Segment Start: Data

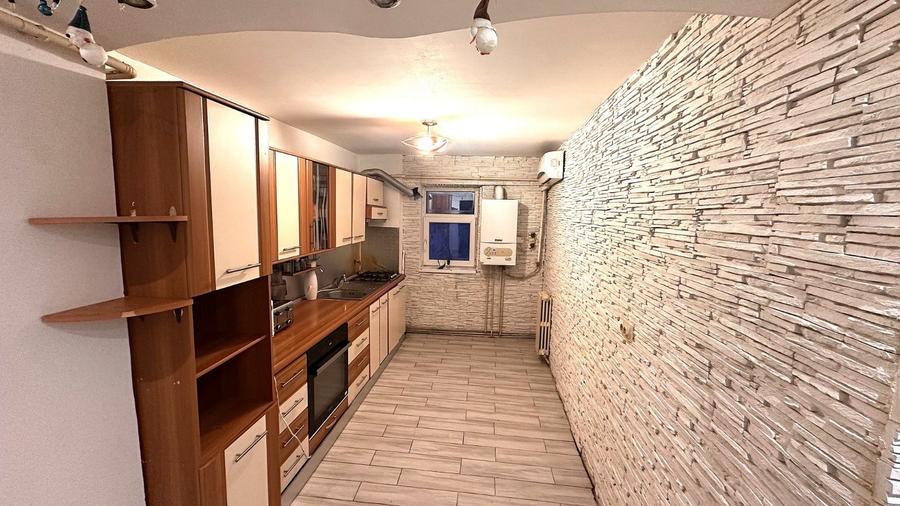 Renovat:2 camere decomandat,58mp,Pacurari- Esplanada Mimoza cod 161468 - 1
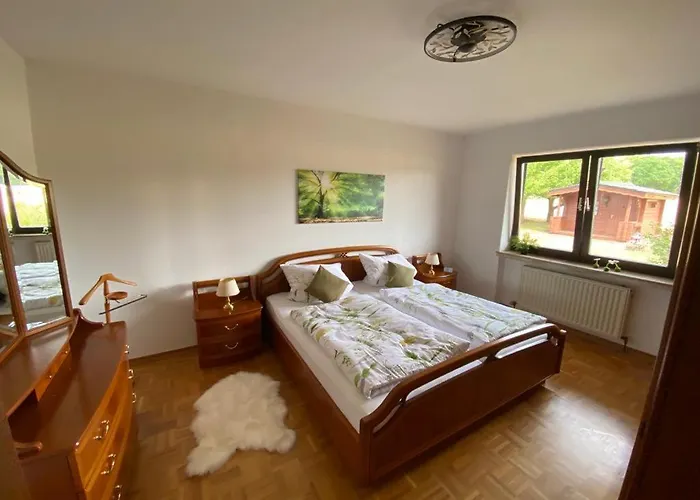 Idyllisches “werra Ausblick” Am Meißner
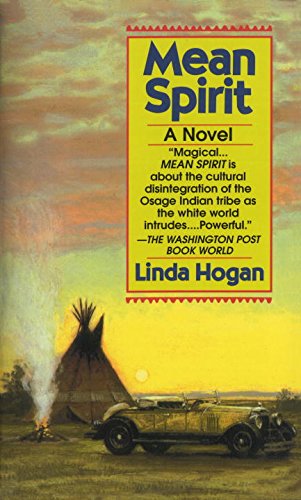 Mean Spirit [Paperback]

Segment End: Data

• Task directions: The material is to be written out word for word, and the pictures are to be left out.

• Result of the task:
 Renovat:2 camere decomandat,58mp,Pacurari- Esplanada Mimoza cod 161468 - 1
 Idyllisches “werra Ausblick” Am Meißner
 Mean Spirit [Paperback]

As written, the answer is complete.